In deciding whether to make an anonymity order where there has been an asylum claim, a judge should bear in mind that the information and documents in such a claim were supplied to the Home Office on a confidential basis. Whether or not information should be disclosed, requires a balancing exercise in which the confidential nature of the material submitted in support of an asylum claim, and the public interest in maintaining public confidence in the asylum system by ensuring vulnerable people are willing to provide candid and complete information in support of their applications, will attract significant weight. Feared harm to an applicant or third parties and "harm to the public interest in the operational integrity of the asylum system more widely as the result of the disclosure of material that is confidential to that system, such confidentiality being the very foundation of the system's efficacy" are factors which militate against disclosure. See R v G [2019] EWHC Fam 3147 as approved by the Court of Appeal in SSHD & G v R & Anor [2020] EWCA Civ 1001.

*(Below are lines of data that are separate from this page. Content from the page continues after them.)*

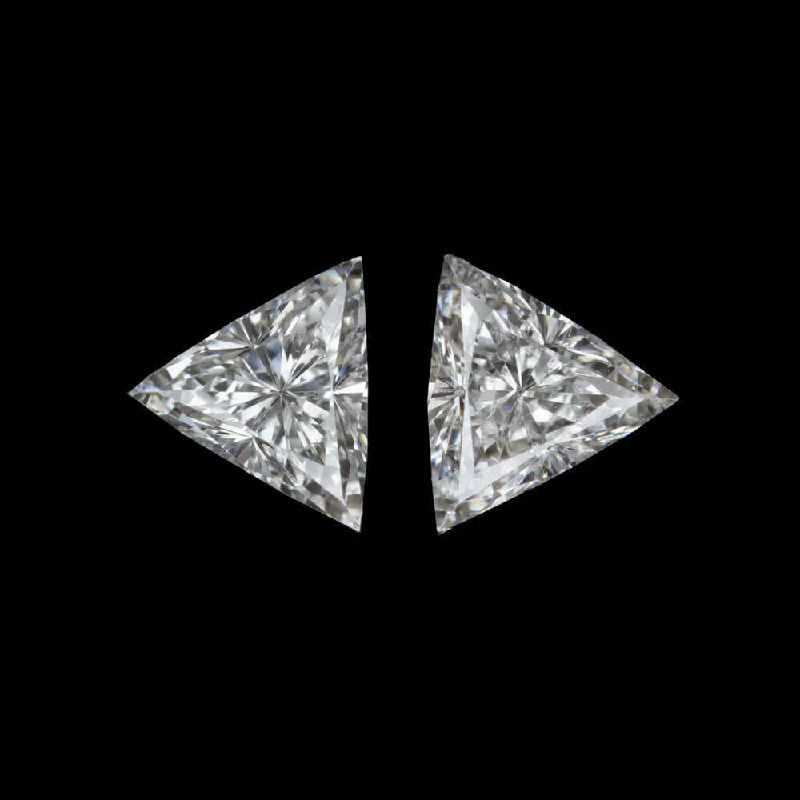 women’s unique stud earrings-F-G VS2-SI1 TRILLION CUT NATURAL DIAMOND MATCHING PAIR STUD EARRINGS TRIANGLE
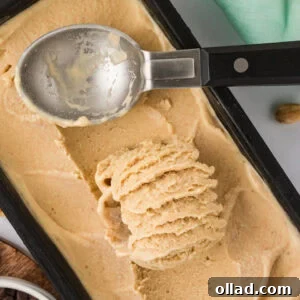 Overhead view of banana peanut butter nice cream being scooped from a black loaf pan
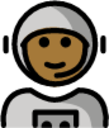 man astronaut: medium-dark skin tone emoji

19. In light of that guidance I am satisfied that it would be appropriate to make an order in the following terms, pursuant to Rule 14 of the Tribunal Procedure (Upper Tribunal) Rules 2008:

“Unless and until a tribunal or court directs otherwise, the Appellant is granted anonymity. No report of these proceedings shall directly or indirectly identify him, any of his witnesses or any member of his family. This direction applies to, amongst others, both the Appellant and the Respondent. Failure to comply with this direction could lead to contempt of court proceedings”


Decisions

20. The decision of the First-tier Tribunal is set aside.

21. The decision is to be remade de novo in the First-tier Tribunal by a judge other than Judge Lester or Judge O’Garro. It should be listed at Taylor House.